I do not see any other way a person would be able to somehow ignore multiple dogs starving to death on their property, unless they were high out of their mind for a couple weeks straight...


----------



## Ashley Campbell (Jun 21, 2009)

Some people just don't care that their animals are starving to death.


----------



## Connie Sutherland (Mar 27, 2006)

Michelle Kehoe said:


> This is just sick! Are people really that screwed up, to think a slow starvation death, is better than a needle? I just don't get it.


I never even got the whole no-kill shelter idea under the present (and not changing for the better that I can see) circumstances of "throwaway" dogs by the millions.


----------



## Ashley Campbell (Jun 21, 2009)

What I'm curious about is they call it an animal shelter on the video - but the sign says it was a grooming and boarding facility...  This one does not call it a no-kill shelter.
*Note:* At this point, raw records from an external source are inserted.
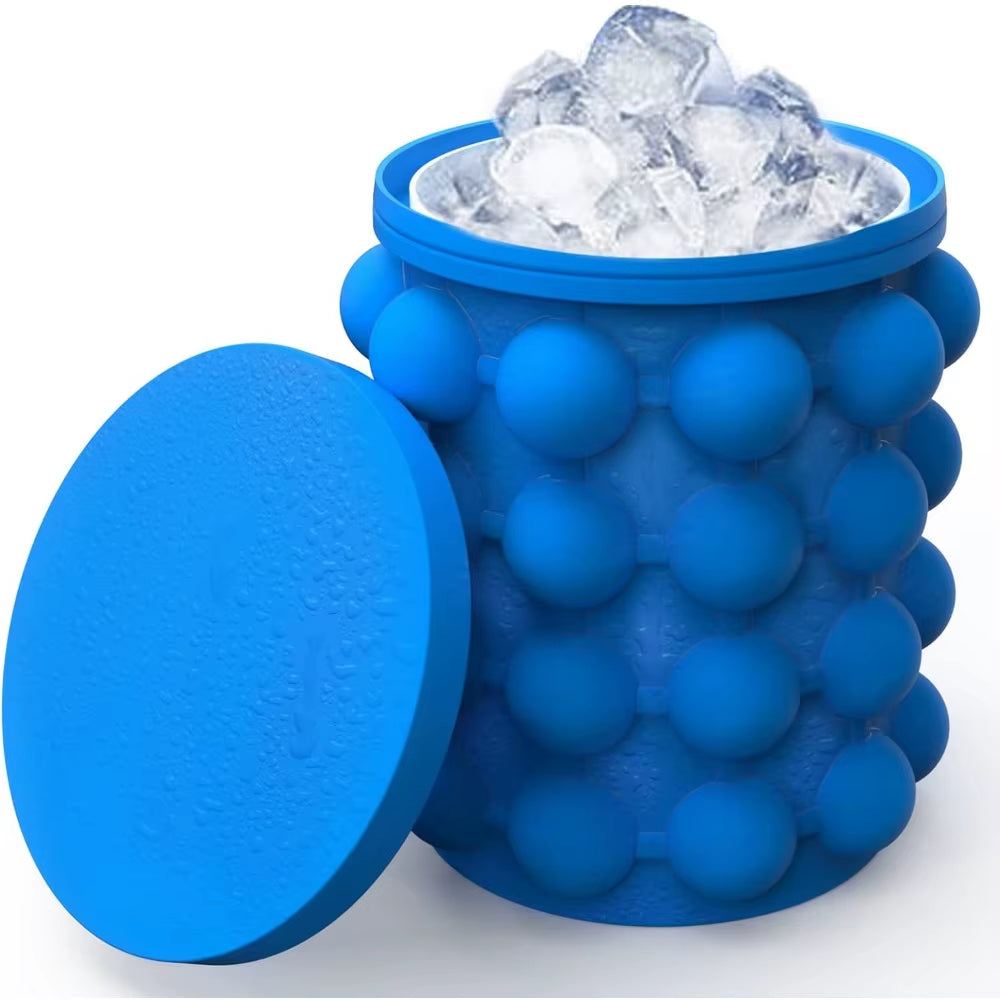 Moule À Glaçons 2 En 1, Plateaux À Glace, Grand Seau À Glace En Silicone, Machine À Boissons Glacées Portable Pour Whisky, Bière, Outils De Cuisine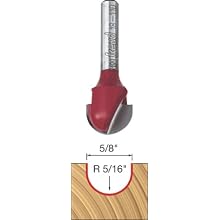 Freud 18-110 5/8-Inch Diameter Round Nose Router Bit with 1/4-Inch Shank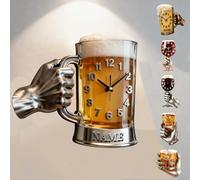 Horloge murale personnalisée en forme de bière pour chambre à coucher, salon, cuisine sur le thème du vin, horloge créative sur le thème du vin, décoration murale, cadeau pour amateur de bière, papa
http://www.arlingtoncardinal.com/20...g-rescue-just-south-of-deer-park-town-center/


----------



## eric squires (Oct 16, 2008)

The vast majority of times the people involved in these cases have ongoing mental health issues or substance use issues. I have seen it with my own eyes. We shut down a horse resue this fall that was taking in alot of money yet she straved animals.


----------



## Kerry Foose (Feb 20, 2010)

These kinds of stories are more and more frequent in horse rescues also. Peoples hearts are often bigger than their bank accounts...do the math people.
One guy recently got fined for abandoning a couple of skinny horses at a sale barn in Florida after no one bid on them so rather than have to pay a double cartage fee to take them back home, he left them there tied to a telephone pole. The story said he couldn't afford to feed them and no rescue could take them in and now no one bought them at the sale...so what else is he supposed to do with them? I guess in a way he was right, I mean let them go "free"? Somehow I doubt down town was the place to release your horses to the wild tho, lol.
But as a kid growing up we had packs of feral dogs running the fields around our place - nasty suckers too....but it was the result of people dumping them to the country where they can be "free". We just shot them a couple times a year....back when you could do that. There was never room in the pound for them even if you could catch them. So why in todays society we feel the need to coddle and keep every critter, caged, fed and cleaned and vetted at such enormous costs is beyond me. No kill shelters are cruel in my book anyhow because most of the freaks that run them would never adopt any thing to you anyway..unless you had a resume that sparkled and gleamed and you'd have to agree by binding blood contract that Spot or Fluffy will live in a gold enrobed heated pet bed, with maid service or some such nonsense.... but don't get me started [-(


----------



## Joby Becker (Dec 13, 2009)

Kerry Foose said:


> These kinds of stories are more and more frequent in horse rescues also. Peoples hearts are often bigger than their bank accounts...do the math people.
> One guy recently got fined for abandoning a couple of skinny horses at a sale barn in Florida after no one bid on them so rather than have to pay a double cartage fee to take them back home, he left them there tied to a telephone pole. The story said he couldn't afford to feed them and no rescue could take them in and now no one bought them at the sale...so what else is he supposed to do with them? I guess in a way he was right, I mean let them go "free"? Somehow I doubt down town was the place to release your horses to the wild tho, lol.
> But as a kid growing up we had packs of feral dogs running the fields around our place - nasty suckers too....but it was the result of people dumping them to the country where they can be "free". We just shot them a couple times a year....back when you could do that. There was never room in the pound for them even if you could catch them. So why in todays society we feel the need to coddle and keep every critter, caged, fed and cleaned and vetted at such enormous costs is beyond me. No kill shelters are cruel in my book anyhow because most of the freaks that run them would never adopt any thing to you anyway..unless you had a resume that sparkled and gleamed and you'd have to agree by binding blood contract that Spot or Fluffy will live in a gold enrobed heated pet bed, with maid service or some such nonsense.... but don't get me started [-(


I called a local SOS shelter last year to try to get them to take a doberman that a neighbor of a friend was trying to give away. 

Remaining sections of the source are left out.